I quickly realized that between taxes, gas for the commute, and childcare, the paycheck from my dream job would be depleted before I even got to buy a latte. I would be working to work, and possibly not break even. It just wasn’t going to pay for me to go back to work, even if it was for a job I really, desperately wanted.
I was still conflicted about what I wanted. I still wanted to find a way to make it work so I could take the job. I really wanted that position with that company and I wanted to work for that woman. I wanted to do it.
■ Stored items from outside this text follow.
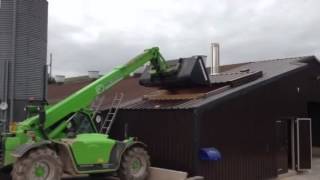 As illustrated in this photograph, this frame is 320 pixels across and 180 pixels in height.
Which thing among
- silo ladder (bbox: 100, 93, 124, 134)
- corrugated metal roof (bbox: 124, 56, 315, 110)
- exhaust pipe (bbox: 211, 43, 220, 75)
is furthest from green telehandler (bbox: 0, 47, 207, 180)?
exhaust pipe (bbox: 211, 43, 220, 75)

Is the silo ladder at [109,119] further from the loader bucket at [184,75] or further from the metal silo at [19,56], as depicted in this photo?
the metal silo at [19,56]

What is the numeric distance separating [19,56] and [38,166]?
20.0 feet

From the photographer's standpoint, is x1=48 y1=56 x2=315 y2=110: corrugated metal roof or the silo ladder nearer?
x1=48 y1=56 x2=315 y2=110: corrugated metal roof

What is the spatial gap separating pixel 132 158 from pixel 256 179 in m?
4.63

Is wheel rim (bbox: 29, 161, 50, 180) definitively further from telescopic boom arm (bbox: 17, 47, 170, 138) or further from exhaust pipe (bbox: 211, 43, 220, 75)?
exhaust pipe (bbox: 211, 43, 220, 75)

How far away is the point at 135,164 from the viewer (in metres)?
14.9

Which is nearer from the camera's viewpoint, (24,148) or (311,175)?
(24,148)

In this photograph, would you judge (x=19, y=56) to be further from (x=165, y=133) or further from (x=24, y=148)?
(x=165, y=133)

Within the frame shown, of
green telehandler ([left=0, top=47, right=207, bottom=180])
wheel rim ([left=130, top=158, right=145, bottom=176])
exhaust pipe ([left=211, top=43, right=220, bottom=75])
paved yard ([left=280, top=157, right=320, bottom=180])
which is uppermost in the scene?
exhaust pipe ([left=211, top=43, right=220, bottom=75])

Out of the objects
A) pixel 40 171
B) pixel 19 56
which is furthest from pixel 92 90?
pixel 19 56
But I also wanted to be home with my children, especially my small daughter. I wanted to wash their clothes every day and make their dinner every night. I wanted to fight with them over showers and clean up and struggle to make everything fair. I couldn’t decide which one I wanted more and I was heart broken when something as dumb as money went and made the decision for me. Perhaps if it were closer, or paid more, or it was another time it could all fall into place, but not now. It hurt to turn down my dream job.
I knew not taking the job would cut off potential contacts. It would put even more of a gap in my work history and further me even more from the industry I was trying to break into. I could sacrifice a lot and take the job to better my future prospects, but leaving my kids in the lurch seemed selfish. I know I did the right thing by staying home and possibly looking for something part time around town, I know I can still write and publish in the future. But doing the right thing doesn’t always take away the sting of walking away from something before you even got a chance to try. I didn’t reach for the golden ring because it’s not my time yet and there will be more opportunities, I just have to be patient. I’m trying to not be bitter about it because I know I will get another chance, but for this week, and until those bills are caught up, it’s going to be hard.